Hacker News new | ask | show | jobs
by botskonet 2848 days ago
I saw one in real life for the first time this summer, at the Museum of Flight near Seattle. It looked beautiful of course, but the cabin was incredibly confined. Not like airlines are known for their cabin space, but I don't know if I'd take a faster trip in such a confined space over a cramped seat on a longer flight.
4 comments

I flew an Air France Concorde on the JFK-CDG route and it was definitely a tight fit... but completely worth it. Business class is nice, but nothing compared to chopping a few hours off time spent in dry, high altitude cabin air.

I've never felt as good stepping off an international flight as I did with Concorde. Still wish I kept the ticket though.

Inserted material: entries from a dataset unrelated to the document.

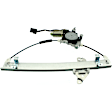 Front, Driver Side Power Window Regulator, With Motor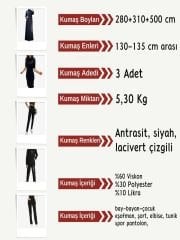 Çelik Penye Esnek Kumaş Seti, Boyları 280-310-500 cm 3 adet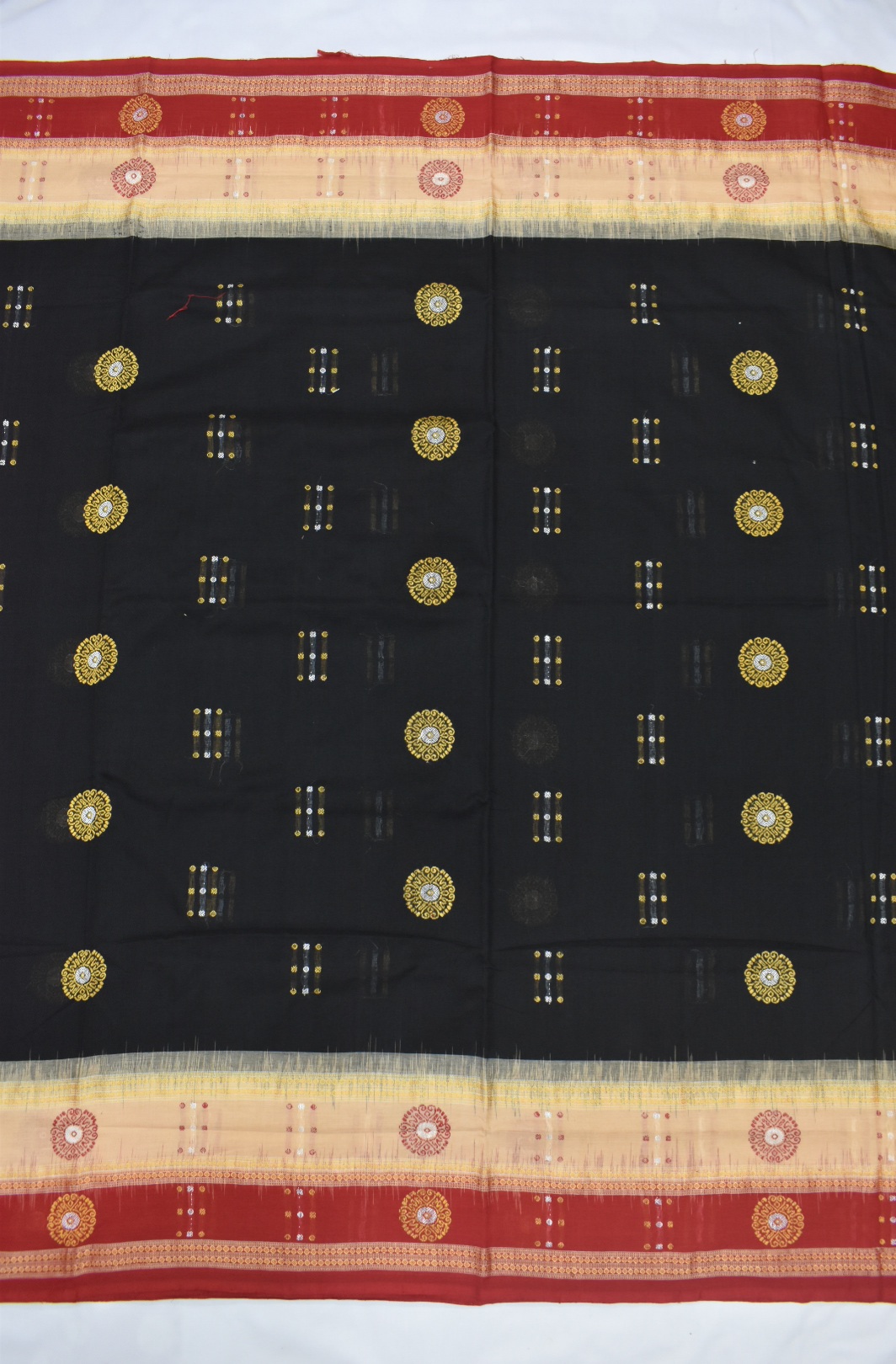 Black Colour Sambalpuri Handloom cotton Bomkai Saree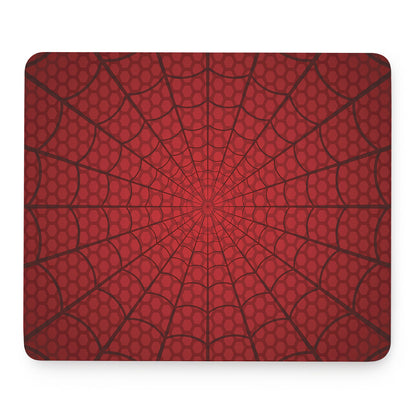 Red Spider Web Print Mouse Pad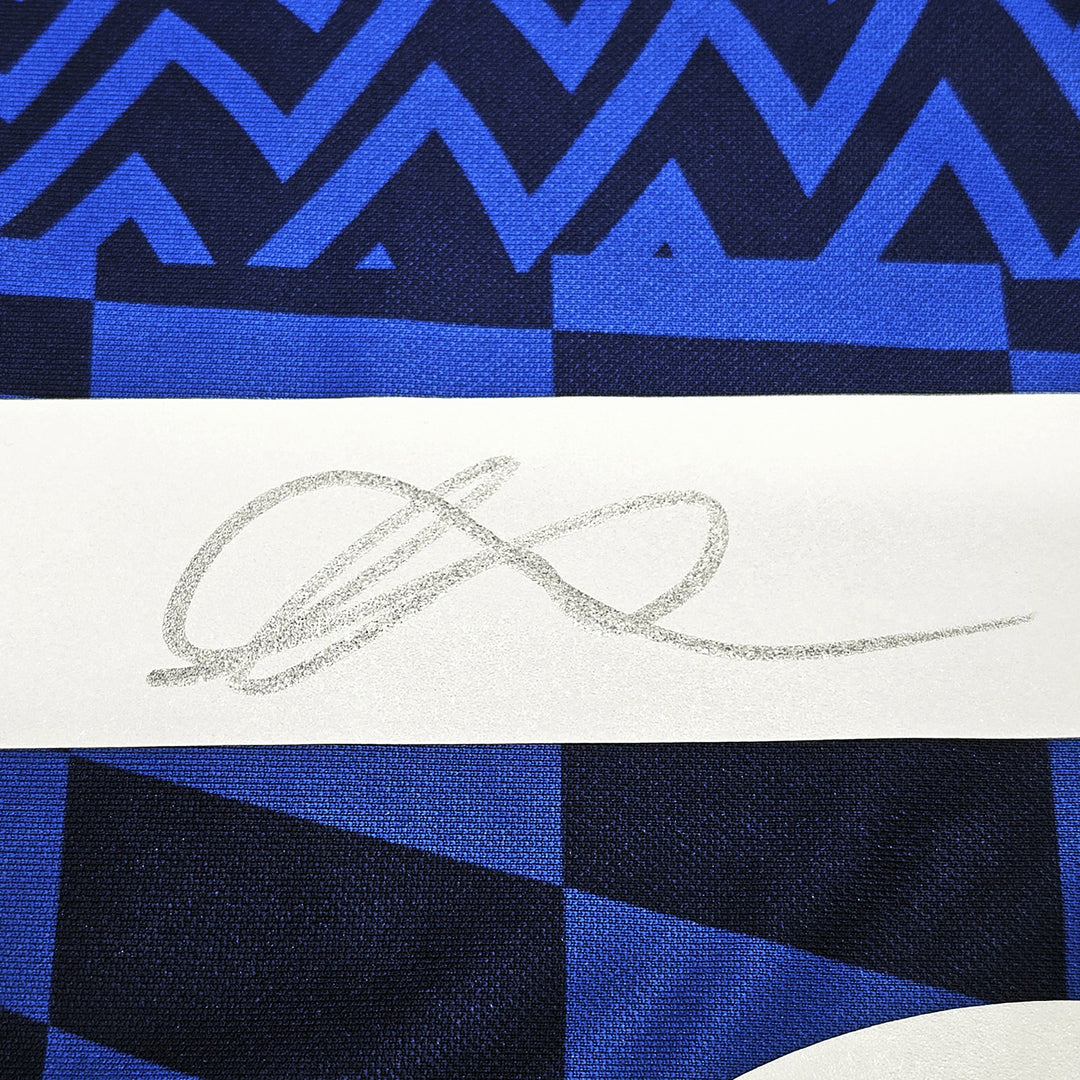 Chelsea F.C. Mason Mount Signed Blue Nike Jersey Size L in Silver Beckett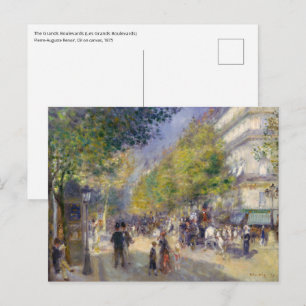 Pierre-Auguste Renoir - Paris, Grands Boulevards Postkarte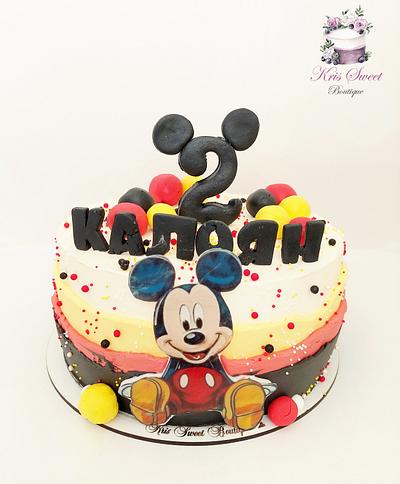 Mickey Mouse cake  - Cake by Kristina Mineva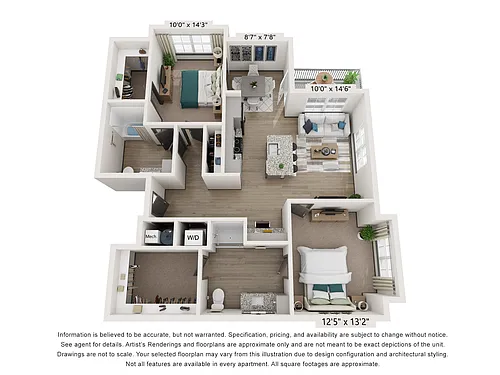 Floor plan B32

To put into perspective of how tight the Concorde is on space. The Dreamliner that sits in the same room as the Concorde has engines with a fan diameter that is virtually the same size as the diameter of the Concorde's fuselage (112 inches vs 113 inches)
It may be worth noting that, while the Concorde had smaller seats than the first class seats of that era, those first class seats were still nothing like modern lie-flat business.
The point of lie-flat seats is to let you doze off on long trips. The point of Concorde is that even trans-Atlantic trips weren't log enough for that to matter. You don't get lie-flat seats in first or business class on many US domestic flights either, for the same reasons.
That’s starting to change though. United is reconfiguring a lot of their aircraft for Polaris seating even domestically. The seats are more comfortable though I agree it doesn’t make as big a difference on even long daytime flights.
For the same ticket price, you could fly international business class... or better.